If the SPX does not take out today's 2280.52 low, and moves above yesterday's 2553.93 high, it would be highly likely that my alternate cunt was in play, and the index might be in for a move higher.

If the the SPX moves into the 2254-2087 range, and then takes out the 2409.81 high from today, my primary count would be in play, and that would likely complete a 5 wave sequence from 3393.52.

If the SPX falls below 2087, it would mean that today's 2280.52 low was not the end of the 7th wave, but only a part of it. Which means the index would potentially have more downside.


And now, if nobody minds, I'd like to add a few personal words. So those interested only in the analysis can stop there.

First I'd like to thank Lunker for maintaining his blog. It can be a lot of work, and takes a lot of time, and I know I'm not the only one who appreciates the effort.

Secondly I'd like to thank those who have had kind words, and have shown interest in my work. It is more than greatly appreciated.
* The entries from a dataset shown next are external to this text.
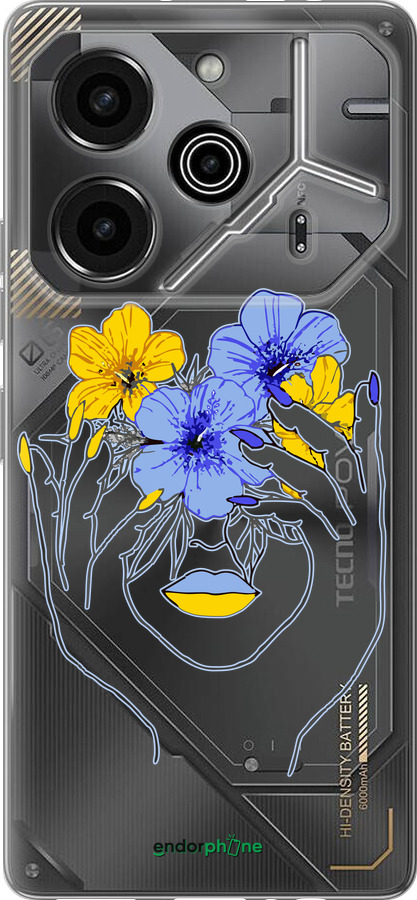 Силиконовый чехол Девушка v4 для Tecno Pova 6 Pro - 5276u-3689 изображение 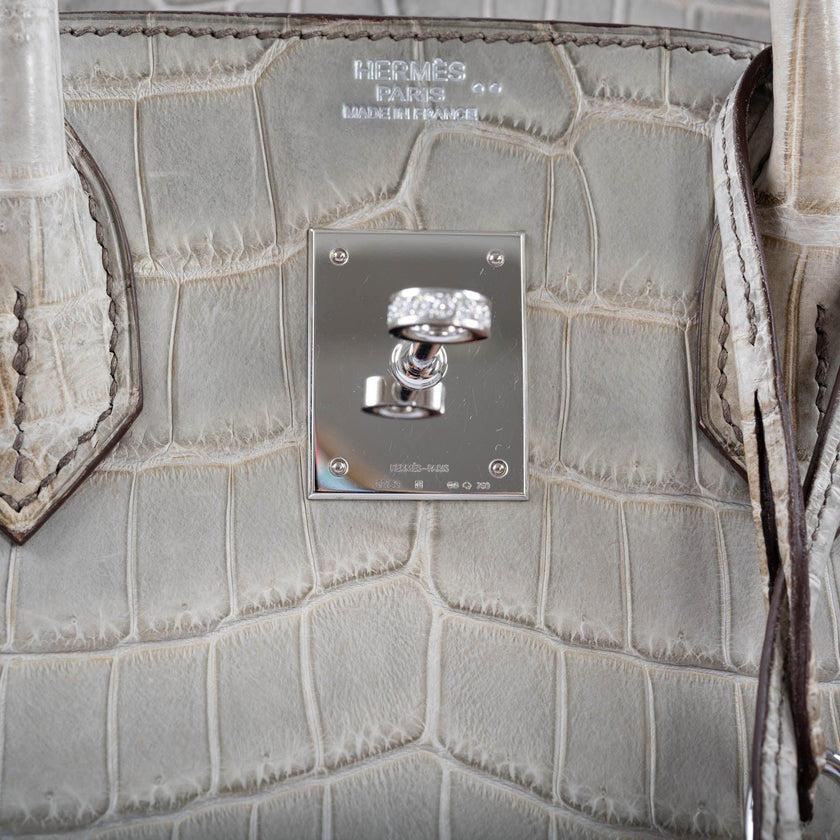Hermès Birkin 30 Gris Cendre Himalaya Niloticus Crocodile Bag 3
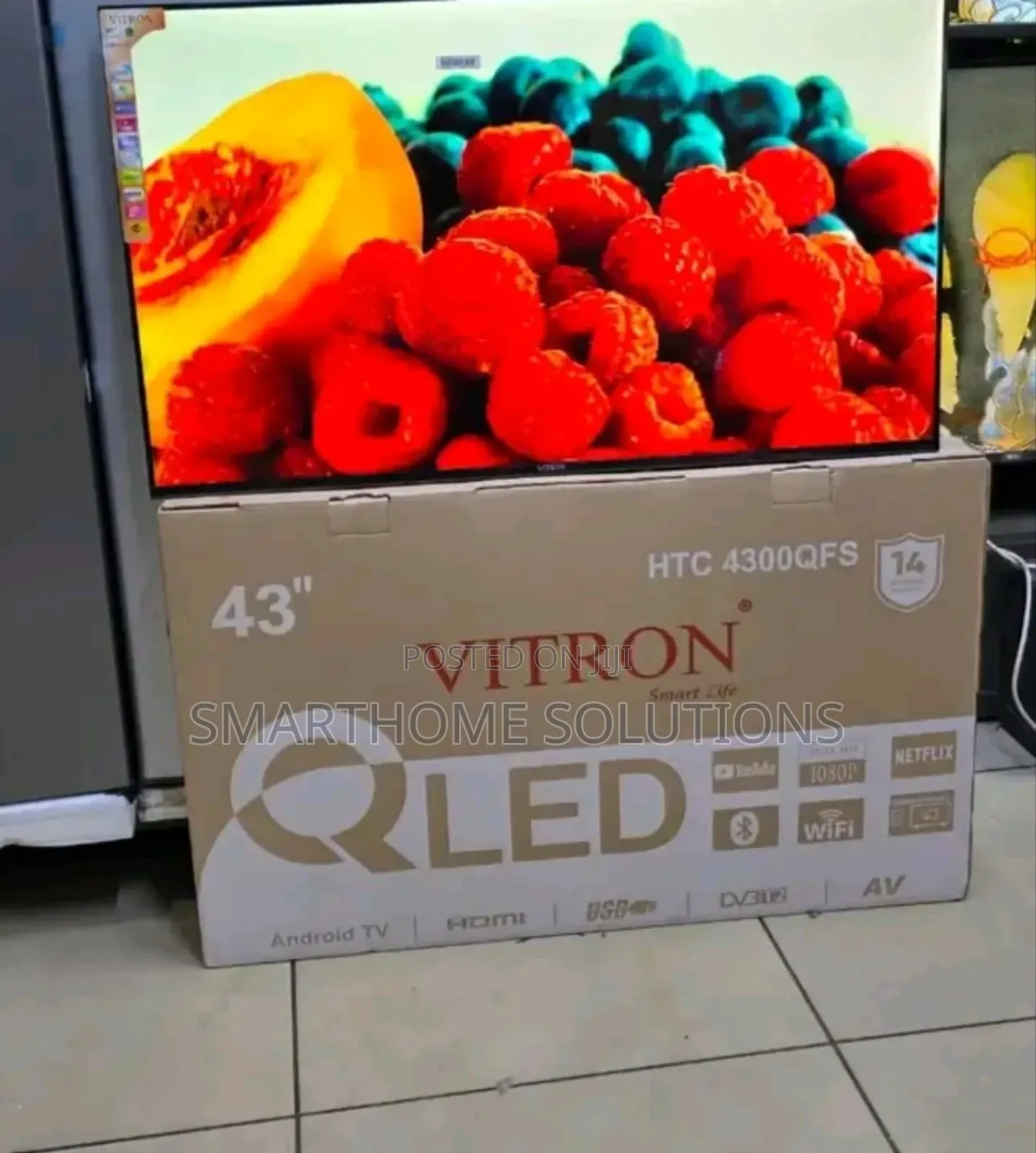 Vitron 43inch Qled Frameless 1080 Tv, Youtube, Netflix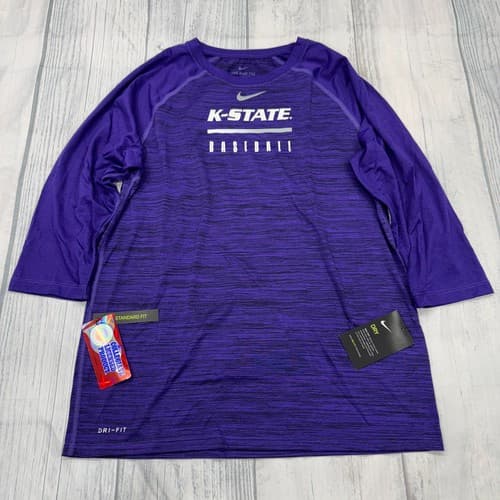 NWT Kansas State Wildcats Baseball Nike 3/4 T Shirt M College K-State Mens — kansas-state fan gear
I started working on what has turned into my 5 Wave Model over 10 years ago. Similar in ways to Elliott Wave, but quite different in many respects also. So when I began developing the model, I started looking at Elliott Wave blogs because they were the closest thing to my work.At some point I stumbled across The Elliott Wave Lives On, by Tony Caldaro. For many  years I found it fun and enjoyable to share my work, and exchange ideas with others. For several reasons, which aren't important here, I decided to stop posting there, and stopped working on my own blog posts. I still followed to blog, mainly because of the respect I came to have for Tony, and his methods. One of the things that struck me about Tony was his commitment to sharing his ideas, and his belief that we owed it to others to pass on knowledge. That it was our responsibility. I was always amazed at his tolerance for people who were unkind in their words to him. Made me respect him more. I, along with many others, was saddened by his passing. But it also made me think about some things, and motivated me to start sharing my ideas again. I in no way want to compare myself, or my ideas to Tony's and his, but rather take some of philosophies to heart.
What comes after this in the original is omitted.